Tive medo esse ano… — resmungou para si mesmo.
Mas a chuva viera bastante em tempo e as colheitas seriam fartas. Artur calculou a alegria que deveria reinar nas casas dos colonos e dos meeiros e foi então que decidiu ir à festa. Esperaria a chegada do rapaz que fora ao arraial, buscar a correspondência e levar umas encomendas, e então daria um pulo na casa do Ataliba, beberia um trago de cachaça em honra da noiva, dançaria uma polca. Andou para a frente da casa-grande onde sua mulher, Felícia, cuidava de uns canteiros de flores.
Vamos na festa de Ataliba…
Tu se decidiu?
Fez que sim com a cabeça, saiu devagar para os lados do armazém. Iria à festa, sim. Os homens estariam satisfeitos, o receio da seca, temor que se renovava a cada ano, estava agora afastado, talvez ainda voltasse a chover naquela mesma noite, apesar de que no céu tão limpo nem mais uma única nuvem restasse. Artur aspirou o cheiro que subia da terra, sorriu novamente. Talvez agora os homens o olhassem com melhores olhos. Quando recebera o convite para a festa na casa de Ataliba disse que ia. Casamento e festa não eram coisas muito comuns pela fazenda e quando se anunciava uma brincadeira em qualquer das casas não se falava noutro assunto nas roças, durante dias, nas conversas do fim da tarde em casa dos trabalhadores, e para Artur sempre havia o problema de que todos queriam algum dinheiro, tinham sempre compras a fazer. Ele recebia os convites, prometia ir. Raramente ia, parecia-lhe que bastava com sua chegada para as festas perderem muito da alegria reinante, os homens não simpatizavam com ele. A esse pensamento Artur suspendeu os ombros num gesto característico. Não era culpa sua. Cumpria com sua obrigação, apertava os homens no trabalho, apertava os meeiros na hora das contas, pagava os preços estipulados, puxava pela fazenda é bem verdade, mas afinal não era para isso que ele era capataz? Qualquer outro que estivesse em seu lugar, como agiria? Gozava da confiança do dr. Aureliano, que se deixava ficar no Rio de Janeiro, vindo à fazenda uma vez na vida, e procurara provar ao patrão ser digno dessa confiança. Nunca a fazenda dera tanto lucro, nem mesmo no tempo do coronel Inácio que morava lá, tomando conta de tudo, decidindo as mínimas coisas. Os meeiros reclamavam, os trabalhadores olhavam-no com olhos cheios de ameaças, mas Artur não se preocupava, costumava dizer que “não tinha medo de caretas”.

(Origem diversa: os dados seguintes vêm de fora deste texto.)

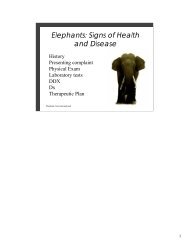 Elephants: Signs of Health and Disease - Elephant Care International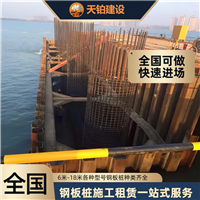 重庆拉森钢板桩的型号工程机械 联系电话上海天铂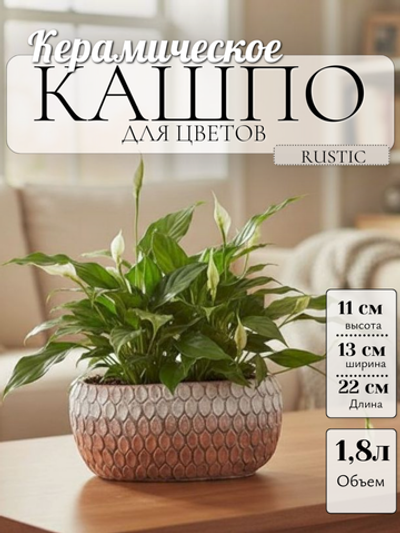 05.200.21 Кашпо овал. Rustic 22*13; h11 см бело/персиковый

No entanto certas coisas doíam-lhe e sabia que na fazenda moravam alguns que, com muito prazer, lhe fariam uma desfeita. Não era segredo para ele que, às escondidas, diziam a seu respeito cobras e lagartos e que muitos homens bebiam em sua tenção. Aquilo não o alegrava tampouco. Gostaria de se dar bem com trabalhadores e colonos, fora trabalhador ele mesmo no tempo do coronel Inácio, se sentiria satisfeito se os homens fossem seus camaradas, viessem, sem ser chamados, tirar um dedo de prosa na varanda da casa-grande, não fechassem a cara quando ele entrasse nas festas. Por isso não ia quase nunca a nenhuma daquelas raras festas, apesar de Felícia gostar de uma dança e ele mesmo, Artur, ser doido por uma conversa, amigo de virar um trago de cachaça.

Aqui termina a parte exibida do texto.